▸ **Exercise aim**:
Line by line, repeat the material below exactly and skip the images.

▸ **Data provided**:
..............................
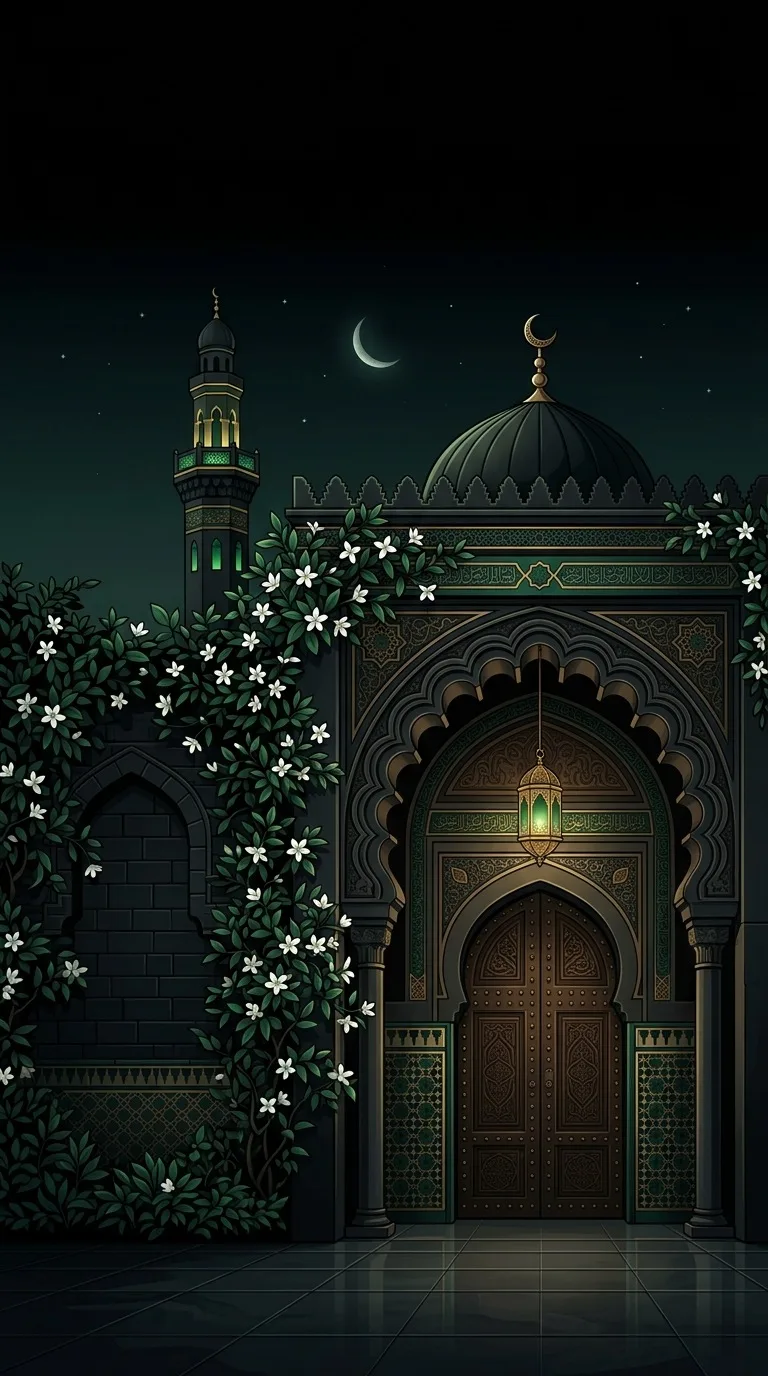 A quiet mosque entrance with flowering jasmine.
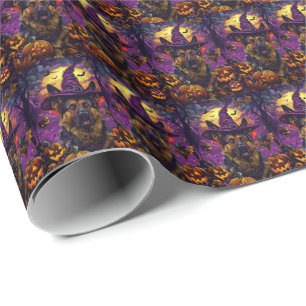 Spookachtige Duitse herder Halloween heksenpompoen Cadeaupapier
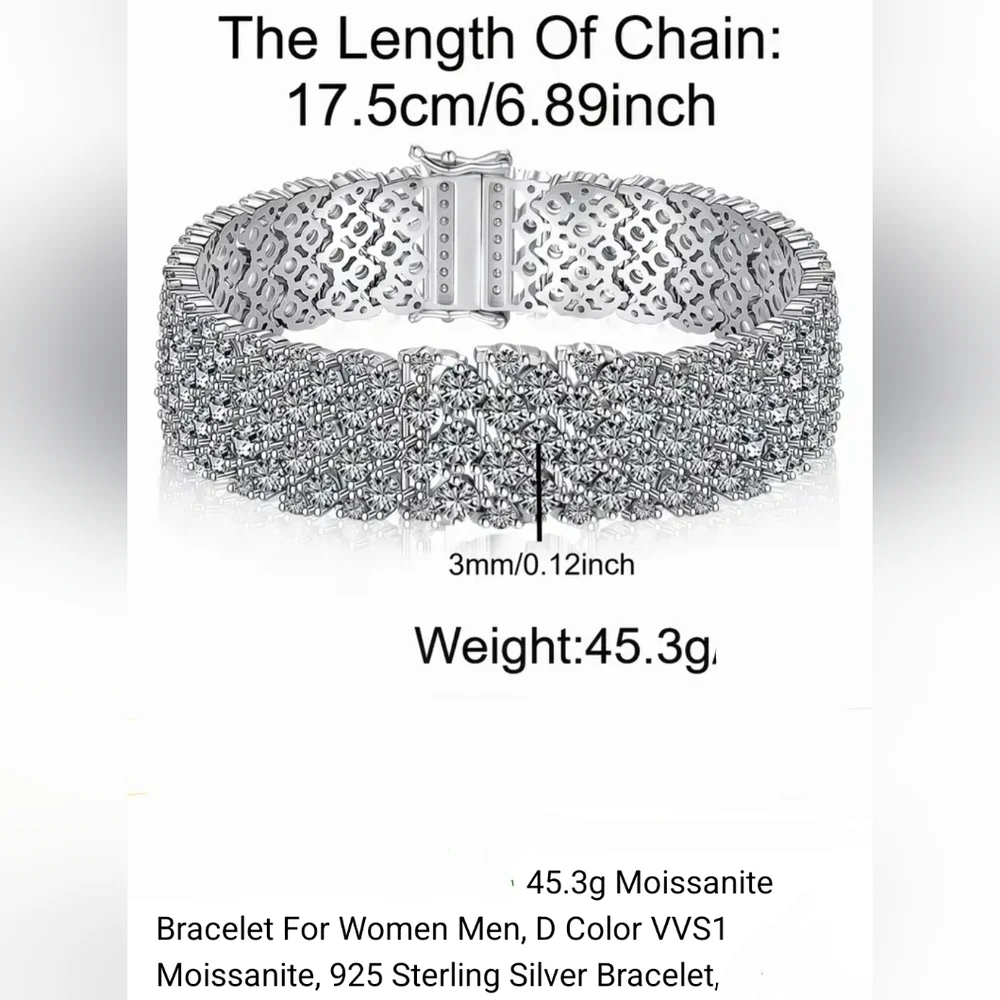 Dazzling 925 Sterling Silver Moissanite Wide Bracelet 6.79" New - Picture 6 of 13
..............................
▸ **Your solution**:
 A quiet mosque entrance with flowering jasmine.
 Spookachtige Duitse herder Halloween heksenpompoen Cadeaupapier
 Dazzling 925 Sterling Silver Moissanite Wide Bracelet 6.79" New - Picture 6 of 13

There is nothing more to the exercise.